What do I miss really when I hear Tracey Thorn’s voice on those two songs? A lack of responsibility perhaps? The perception of the world as an endlessly large place, filled with rain and buildings and people losing each other but perhaps potentially also finding each other once again? As soon as either ‘Missing’ or ‘Protection’ find their way to me, I have to stop, reflect and maybe travel within. Thorn’s voice allows me to go back; a dangerous action perhaps due to seeing the world not really as it was. But on the other hand, I use it in moments of instability, a sense of grounding from a time where everything seemed stable; always fixed and secure like all events of the past inevitably are, for better or for worse.

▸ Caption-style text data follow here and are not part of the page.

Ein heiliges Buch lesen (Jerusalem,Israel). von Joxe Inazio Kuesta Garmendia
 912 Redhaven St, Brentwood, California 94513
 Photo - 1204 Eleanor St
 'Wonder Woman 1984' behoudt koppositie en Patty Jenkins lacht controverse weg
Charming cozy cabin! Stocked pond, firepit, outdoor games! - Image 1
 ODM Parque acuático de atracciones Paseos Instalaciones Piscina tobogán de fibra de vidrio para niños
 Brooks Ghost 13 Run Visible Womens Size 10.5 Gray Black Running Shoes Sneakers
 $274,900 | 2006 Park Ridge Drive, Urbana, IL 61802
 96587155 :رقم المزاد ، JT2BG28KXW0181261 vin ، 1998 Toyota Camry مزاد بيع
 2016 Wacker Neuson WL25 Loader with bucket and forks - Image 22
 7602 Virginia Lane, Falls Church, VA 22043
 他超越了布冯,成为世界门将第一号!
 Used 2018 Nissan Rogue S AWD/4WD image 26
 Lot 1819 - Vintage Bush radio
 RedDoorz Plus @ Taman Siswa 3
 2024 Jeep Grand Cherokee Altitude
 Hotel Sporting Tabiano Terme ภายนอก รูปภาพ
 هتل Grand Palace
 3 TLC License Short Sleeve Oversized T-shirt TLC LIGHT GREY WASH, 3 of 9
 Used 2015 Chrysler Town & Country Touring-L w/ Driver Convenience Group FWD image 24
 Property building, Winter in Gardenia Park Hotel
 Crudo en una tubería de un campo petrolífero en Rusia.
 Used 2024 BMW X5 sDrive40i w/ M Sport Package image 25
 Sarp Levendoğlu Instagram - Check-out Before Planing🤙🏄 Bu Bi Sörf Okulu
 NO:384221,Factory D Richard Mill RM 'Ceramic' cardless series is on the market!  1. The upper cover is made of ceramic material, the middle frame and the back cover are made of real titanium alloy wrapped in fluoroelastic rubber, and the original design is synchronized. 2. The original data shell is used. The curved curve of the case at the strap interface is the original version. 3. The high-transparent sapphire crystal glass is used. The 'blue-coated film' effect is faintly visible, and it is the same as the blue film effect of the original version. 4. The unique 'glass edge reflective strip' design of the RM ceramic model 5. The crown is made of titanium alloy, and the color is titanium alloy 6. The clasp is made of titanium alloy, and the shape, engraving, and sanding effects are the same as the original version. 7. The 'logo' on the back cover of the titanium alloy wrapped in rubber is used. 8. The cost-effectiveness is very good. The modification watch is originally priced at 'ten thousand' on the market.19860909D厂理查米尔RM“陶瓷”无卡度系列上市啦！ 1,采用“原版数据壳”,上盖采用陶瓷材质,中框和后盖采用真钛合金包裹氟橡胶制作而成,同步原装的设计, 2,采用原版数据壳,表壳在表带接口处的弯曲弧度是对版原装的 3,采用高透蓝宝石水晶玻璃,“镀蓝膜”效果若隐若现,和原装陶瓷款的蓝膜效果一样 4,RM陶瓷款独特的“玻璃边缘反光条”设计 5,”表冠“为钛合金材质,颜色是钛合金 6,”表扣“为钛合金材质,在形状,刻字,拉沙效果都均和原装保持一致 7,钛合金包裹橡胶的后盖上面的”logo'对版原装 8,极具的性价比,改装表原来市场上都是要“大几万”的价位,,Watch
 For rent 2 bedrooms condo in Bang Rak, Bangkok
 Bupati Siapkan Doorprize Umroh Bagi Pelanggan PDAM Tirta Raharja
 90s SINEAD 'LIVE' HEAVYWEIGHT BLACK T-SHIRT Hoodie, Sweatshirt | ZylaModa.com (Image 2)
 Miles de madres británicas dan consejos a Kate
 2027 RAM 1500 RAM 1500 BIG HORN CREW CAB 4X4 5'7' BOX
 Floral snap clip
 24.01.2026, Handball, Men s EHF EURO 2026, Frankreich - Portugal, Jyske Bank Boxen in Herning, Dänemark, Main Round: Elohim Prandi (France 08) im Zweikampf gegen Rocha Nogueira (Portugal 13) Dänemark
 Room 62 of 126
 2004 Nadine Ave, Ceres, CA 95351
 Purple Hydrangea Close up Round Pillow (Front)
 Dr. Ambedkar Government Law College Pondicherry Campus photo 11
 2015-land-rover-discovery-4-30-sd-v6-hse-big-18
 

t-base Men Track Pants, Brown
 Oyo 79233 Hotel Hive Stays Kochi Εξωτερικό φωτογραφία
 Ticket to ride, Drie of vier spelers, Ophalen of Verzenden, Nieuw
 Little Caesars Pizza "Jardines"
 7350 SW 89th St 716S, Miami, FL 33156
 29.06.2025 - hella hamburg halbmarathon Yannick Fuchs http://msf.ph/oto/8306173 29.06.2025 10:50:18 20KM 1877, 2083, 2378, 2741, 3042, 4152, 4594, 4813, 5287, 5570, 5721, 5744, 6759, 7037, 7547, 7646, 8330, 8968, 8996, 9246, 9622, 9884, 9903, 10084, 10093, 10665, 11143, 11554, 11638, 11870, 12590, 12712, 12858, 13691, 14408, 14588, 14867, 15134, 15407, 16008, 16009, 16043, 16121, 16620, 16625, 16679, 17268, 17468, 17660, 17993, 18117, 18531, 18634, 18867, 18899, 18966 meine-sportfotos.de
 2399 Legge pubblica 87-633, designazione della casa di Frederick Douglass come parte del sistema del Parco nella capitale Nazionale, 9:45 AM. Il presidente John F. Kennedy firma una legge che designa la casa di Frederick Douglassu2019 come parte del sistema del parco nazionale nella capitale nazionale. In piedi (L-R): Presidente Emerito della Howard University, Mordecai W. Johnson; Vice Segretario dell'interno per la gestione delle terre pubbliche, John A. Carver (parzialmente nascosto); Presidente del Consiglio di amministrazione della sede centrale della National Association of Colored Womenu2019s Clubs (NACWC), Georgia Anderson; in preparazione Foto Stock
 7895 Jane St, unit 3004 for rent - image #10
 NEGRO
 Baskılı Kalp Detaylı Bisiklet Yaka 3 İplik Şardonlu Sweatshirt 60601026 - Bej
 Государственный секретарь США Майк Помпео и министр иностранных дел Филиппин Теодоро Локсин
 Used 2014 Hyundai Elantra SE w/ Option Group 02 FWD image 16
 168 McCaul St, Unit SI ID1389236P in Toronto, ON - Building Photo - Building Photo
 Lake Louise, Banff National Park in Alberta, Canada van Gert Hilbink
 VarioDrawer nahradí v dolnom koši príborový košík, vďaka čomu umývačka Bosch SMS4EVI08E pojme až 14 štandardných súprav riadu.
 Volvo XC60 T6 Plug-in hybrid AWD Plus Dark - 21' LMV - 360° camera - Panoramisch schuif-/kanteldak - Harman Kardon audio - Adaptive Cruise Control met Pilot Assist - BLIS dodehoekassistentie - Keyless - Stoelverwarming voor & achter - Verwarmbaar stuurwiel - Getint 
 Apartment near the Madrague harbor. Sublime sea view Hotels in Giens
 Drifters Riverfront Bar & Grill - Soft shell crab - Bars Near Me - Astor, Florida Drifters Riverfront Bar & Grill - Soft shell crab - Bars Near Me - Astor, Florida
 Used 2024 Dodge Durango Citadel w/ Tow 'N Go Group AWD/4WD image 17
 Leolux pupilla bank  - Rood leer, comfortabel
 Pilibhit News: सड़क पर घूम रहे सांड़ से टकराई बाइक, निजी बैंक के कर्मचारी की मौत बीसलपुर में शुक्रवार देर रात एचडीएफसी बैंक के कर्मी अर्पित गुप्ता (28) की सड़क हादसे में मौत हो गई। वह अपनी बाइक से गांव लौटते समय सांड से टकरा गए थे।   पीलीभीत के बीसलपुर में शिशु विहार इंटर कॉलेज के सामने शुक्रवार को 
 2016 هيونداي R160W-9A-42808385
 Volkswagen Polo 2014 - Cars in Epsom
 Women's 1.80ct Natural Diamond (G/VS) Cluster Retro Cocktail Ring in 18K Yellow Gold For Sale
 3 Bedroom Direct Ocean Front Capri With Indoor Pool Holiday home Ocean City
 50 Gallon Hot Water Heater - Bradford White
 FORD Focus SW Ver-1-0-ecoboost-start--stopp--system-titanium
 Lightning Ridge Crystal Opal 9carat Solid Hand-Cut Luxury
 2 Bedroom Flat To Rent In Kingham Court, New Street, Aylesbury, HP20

I revisited Balham again recently, armed with my own nostalgia machine; a Polaroid camera borrowed from the photographer and friend, Ellen Rogers. The camera captures places within a typically analogue amber even when they are vibrantly and aesthetically of the now. I walked to the train station, as seen in the video from Balham High Road. Appropriately the architecture hasn’t changed in the slightest bar the excess of new brands all around. If visited at night, it wouldn’t be too surprising to see Thorn herself; such is its visual stasis, like a ghost wandering back to me from the past. I snapped a Polaroid, the colours flattening the garish colours of the modern day momentarily back into the grungier tense from the video.

Thorn’s voice in those songs is my childhood regained; a Madeleine moment of the 1990s much like the French delicacy was for Marcel Proust when writing In Search Of Lost Time. It lets memories gush forth, dammed for so many years by the banalities of everyday survival as an adult in an impossibly expensive era of urban living. On that Balham road,  there was a realisation that her voice was not simply a stunning musical entity but a gateway to a past world for me that was once home, like a nostalgic womb; where the modern day recedes some way over the horizon, just for a few wonderful minutes. It is always more than I can ever ask for as I am the adult now. But I still miss you.